(Available data Opens)
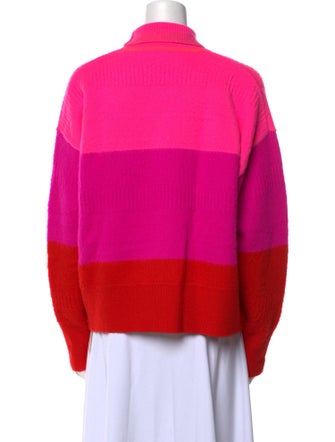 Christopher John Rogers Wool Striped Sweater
(Available data Closes)
(Available data Opens)
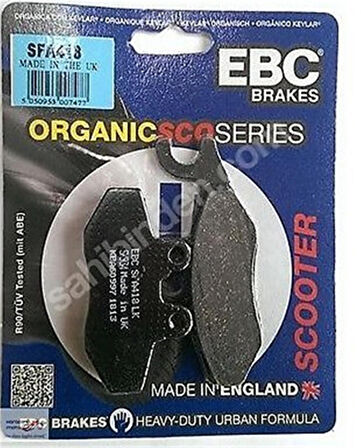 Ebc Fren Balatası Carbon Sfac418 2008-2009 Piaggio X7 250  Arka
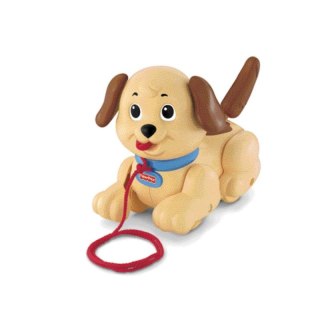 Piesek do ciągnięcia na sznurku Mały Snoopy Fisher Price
(Available data Closes)
> [What to work on] Repeat only the stretch of data above that runs from the line with "Ebc Fren Balatası" to the line with "Piesek do ciągnięcia". Keep both end lines; exclude pictures.

> [Answer to the exercise]
 Ebc Fren Balatası Carbon Sfac418 2008-2009 Piaggio X7 250  Arka
 Piesek do ciągnięcia na sznurku Mały Snoopy Fisher Price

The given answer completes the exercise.